* **Input**:
--- START ---
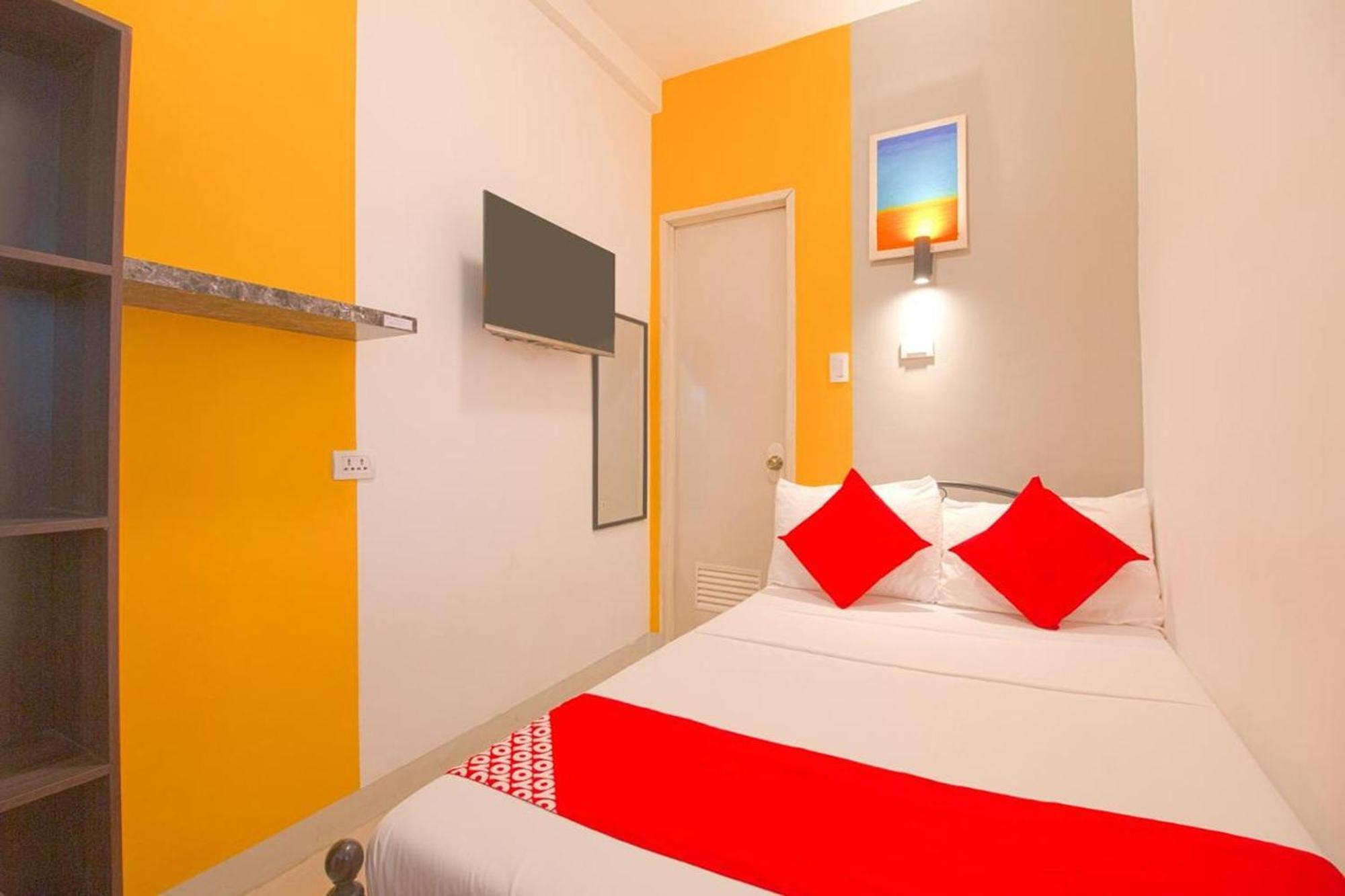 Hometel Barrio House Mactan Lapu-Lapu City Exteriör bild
--- END ---
--- START ---
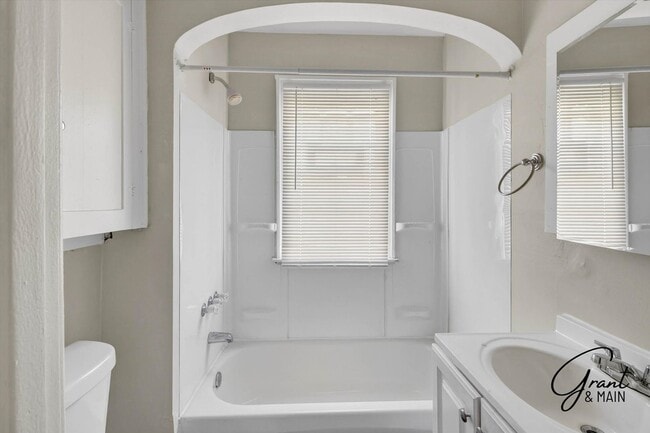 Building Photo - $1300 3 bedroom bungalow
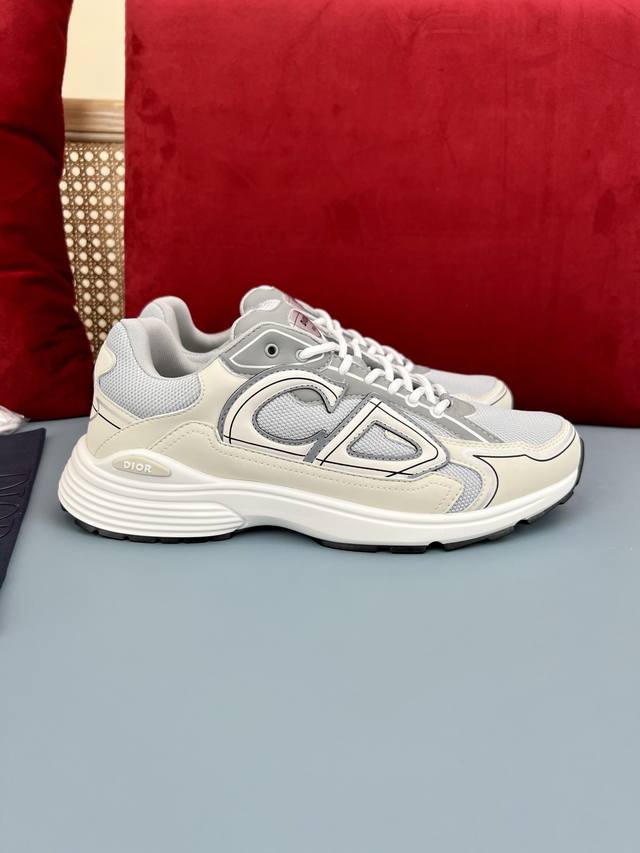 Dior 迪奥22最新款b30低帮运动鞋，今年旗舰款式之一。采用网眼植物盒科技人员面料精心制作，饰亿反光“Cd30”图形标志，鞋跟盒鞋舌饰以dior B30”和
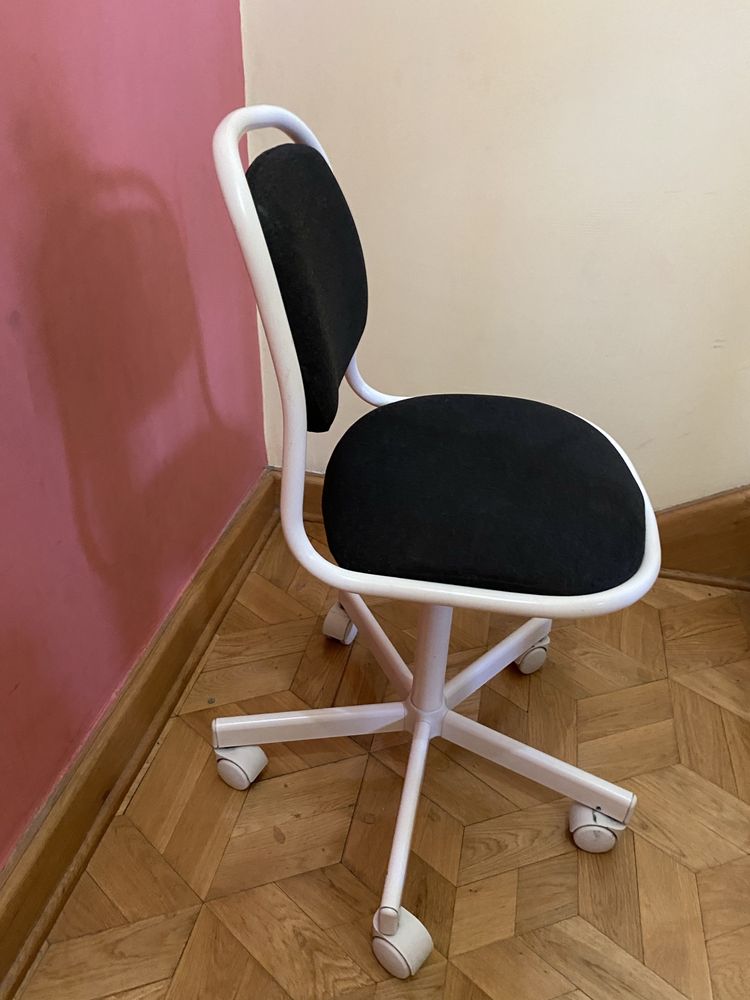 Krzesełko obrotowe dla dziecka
--- END ---
--- START ---
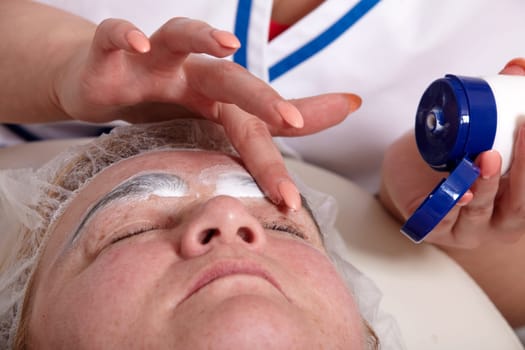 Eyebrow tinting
--- END ---
* **What you need to do**: Using the listing above, restate exactly the range between the lines holding "Building Photo - $1300 3 bedroom bungalow" and "Krzesełko obrotowe dla dziecka", inclusive, with pictures left out.

* **Response to this task**:
 Building Photo - $1300 3 bedroom bungalow
 Dior 迪奥22最新款b30低帮运动鞋，今年旗舰款式之一。采用网眼植物盒科技人员面料精心制作，饰亿反光“Cd30”图形标志，鞋跟盒鞋舌饰以dior B30”和
 Krzesełko obrotowe dla dziecka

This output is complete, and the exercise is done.